Before the ODBC driver can be used, it needs to be installed. To do this, double click on h2odbcSetup.exe. If you do this the first time, it will ask you to locate the driver dll (h2odbc.dll). If you already installed it, the ODBC administration dialog will open where you can create new or modify existing data sources. When you create a new H2 ODBC data source, a dialog window will appear and ask for the database settings:

Log Option

The driver is able to log operations to a file. To enable logging, the log file name must be set in the registry under the key CURRENT_USER/Software/H2/ODBC/LogFile. This key will only be read when the driver starts, so you need to make sure all applications that may use the driver are closed before changing this setting. If this registry entry is not found when the driver starts, logging is disabled. A sample registry key file may look like this:

Windows Registry Editor Version 5.00

[HKEY_CURRENT_USER\Software\H2\ODBC]
"LogFile"="C:\\temp\\h2odbc.txt"

Security Considerations

Currently, the ODBC does not encrypt the password before sending it over TCP/IP to the server. This may be a problem if an attacker can listen to the data transferred between the ODBC client and the server, because the password is readable to the attacker. Also, it is currently not possible to use encrypted SSL connections. The password for a data source is stored unencrypted in the registry. Therefore the ODBC driver should not be used where security is important.

Uninstalling

To uninstall the ODBC driver, double click on h2odbcUninstall.exe. This will uninstall the driver.

ACID

In the DBMS world, ACID stands for Atomicity, Consistency, Isolation, and Durability.

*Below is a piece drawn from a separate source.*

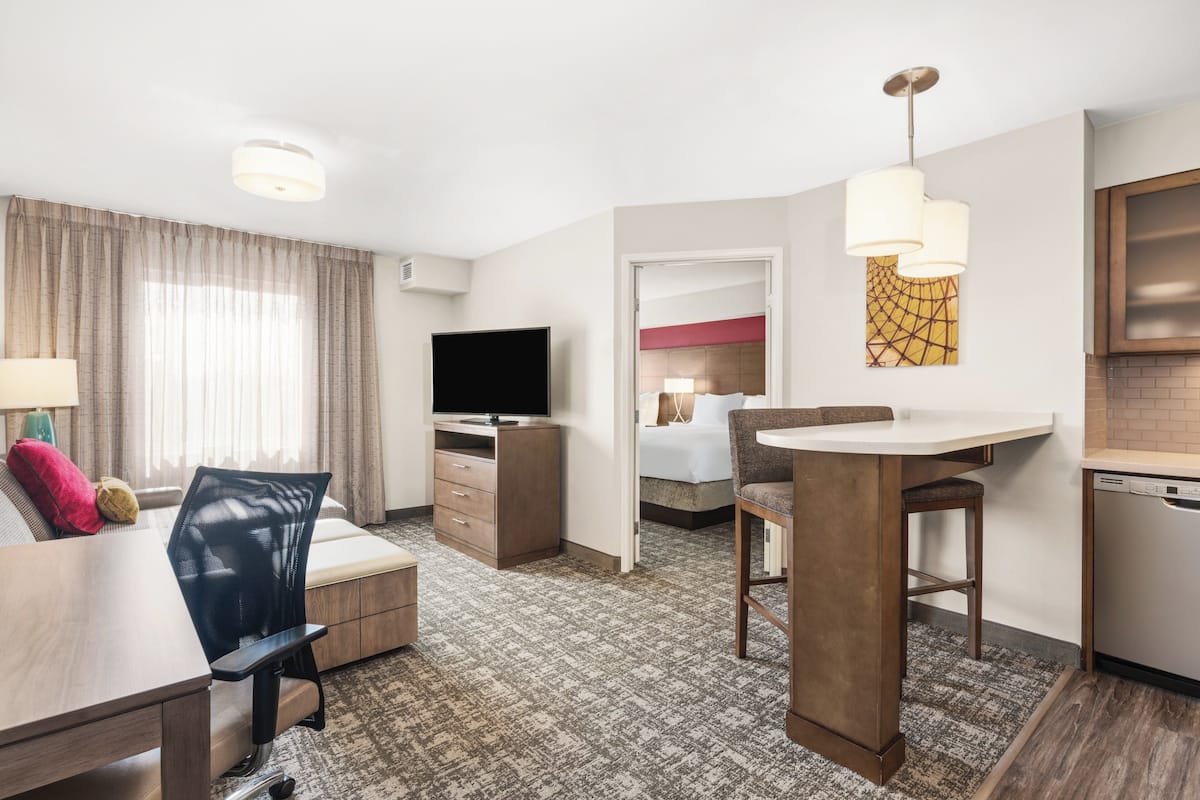 1 bedroom, in-room safe, desk, blackout curtains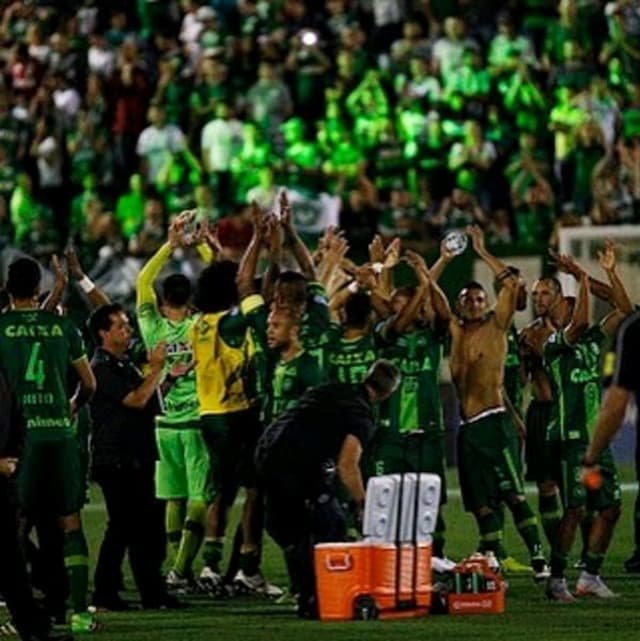 Alan Ruschel faz homenagem à Chapecoense no Instagram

Atomicity: Transactions must be atomic, that means either all tasks of a transaction are performed, or none.
Consistency: Only operations that comply with the defined constraints are allowed.
Isolation: Transactions must be completely isolated from each other.
Durability: Transaction committed to the database will not be lost.

This database also supports these properties by default, except durability, which can only be guaranteed by other means (battery, clustering).

Atomicity

Transactions in this database are always atomic.

Consistency

This database is always in a consistent state. Referential integrity rules are always enforced.

Isolation

Currently, only the transaction isolation level 'serializable' is supported. In many database, this rule is often relaxed to provide better performance, by supporting other transaction isolation levels.

Durability

This database does not guarantee that all committed transactions survive a power failure. If durability is required even in case of power failure, some sort of uninterruptible power supply (UPS) is required (like using a laptop, or a battery pack). If durability is required even in case of hardware failure, the clustering mode of this database should be used.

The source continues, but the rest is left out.